Apologia dell’invarianza
Se valuto in particolare la 180 bis e le proposte avanzate nella seconda conferenza nazionale e lo stesso manifesto mi viene il dubbio che, anche per la salute mentale, esista un grosso problema di apologia dell’invarianza.
 
Se dobbiamo fare una riforma della salute mentale la prima cosa che auspicherei è liberarci di ogni forma di subalternità culturale.

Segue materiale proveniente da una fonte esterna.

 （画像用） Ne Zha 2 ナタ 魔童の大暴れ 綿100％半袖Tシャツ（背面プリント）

Ognuno deve pensare con la sua testa e ognuno soprattutto deve essere libero di pensare
Il punto non è come ci propone il manifesto di ripartire lancia in resta da dove siamo partiti quindi da zero ma di andare avanti capitalizzando i nostri successi i nostri errori e anche le nostre incapacità quindi mettendo in campo un intelligente processo di auto-correzione, di ripensamento di ridefinizione.
 
Oggi secondo la teoria della “meaning variance” tutti i significati di base più importanti della salute mentale andrebbero tutti ricontestualizzati perché i loro significati contestuali in quasi 50 anni sono di fatto cambiati.
 
La questione della scienza
L’ultima questione che mi preme richiamare è quella della medicina e della scienza.

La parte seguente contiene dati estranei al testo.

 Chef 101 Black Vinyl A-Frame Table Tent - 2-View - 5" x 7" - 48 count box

Nel leggere il manifesto, in alcuni passaggi, ho avuto due sensazioni che:
• si riproponesse la vecchia questione basagliana di dove collocare la salute mentale se dentro o fuori la medicina (socioiatria contro biomedicina)

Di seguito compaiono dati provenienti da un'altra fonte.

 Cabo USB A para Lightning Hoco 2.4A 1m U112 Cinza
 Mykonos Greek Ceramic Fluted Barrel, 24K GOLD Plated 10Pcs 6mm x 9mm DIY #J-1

• si criticasse lo scientismo in particolare le sue evidenze scientifiche quindi le sue verità ma rinunciando a definire una scienza non scientista quindi alla fine quasi una scienza senza evidenze quindi una non scienza.
 
Io sono convinto come il mio vecchio amico Carlo Manuali che la salute mentale deve rientrare a pieno titolo nella medicina e che proprio per questo essa deve fare i conti con i suoi problemi:
• non si può ragionare di crisi della salute mentale fuori da una crisi della medicina perché esiste una crisi della medicina che ricade anche sulla salute mentale,
• non si possono trovare soluzioni riformatrici alla prima senza riformare la seconda.
 
Avendo scritto lo scorso anno un lavoro che si intitola “Le evidenze scientifiche in medicina l’uso pragmatico delle verità” (Nexus) definisco le evidenze scientifiche come verità paraconsistenti che in quanto tali devono essere usate, come direbbe il nostro caro e vecchio James, per forza in modo pragmatico. La salute mentale è un campo nel quale per forza l’uso delle verità deve essere fatto in modo pragmatico. Ci serve quindi un genere di scienza adatta alla sua complessità. Per questo abbiamo bisogno di una riforma e se davvero si vuole riformare per quel che mi riguarda sono disponibile a dare una mano.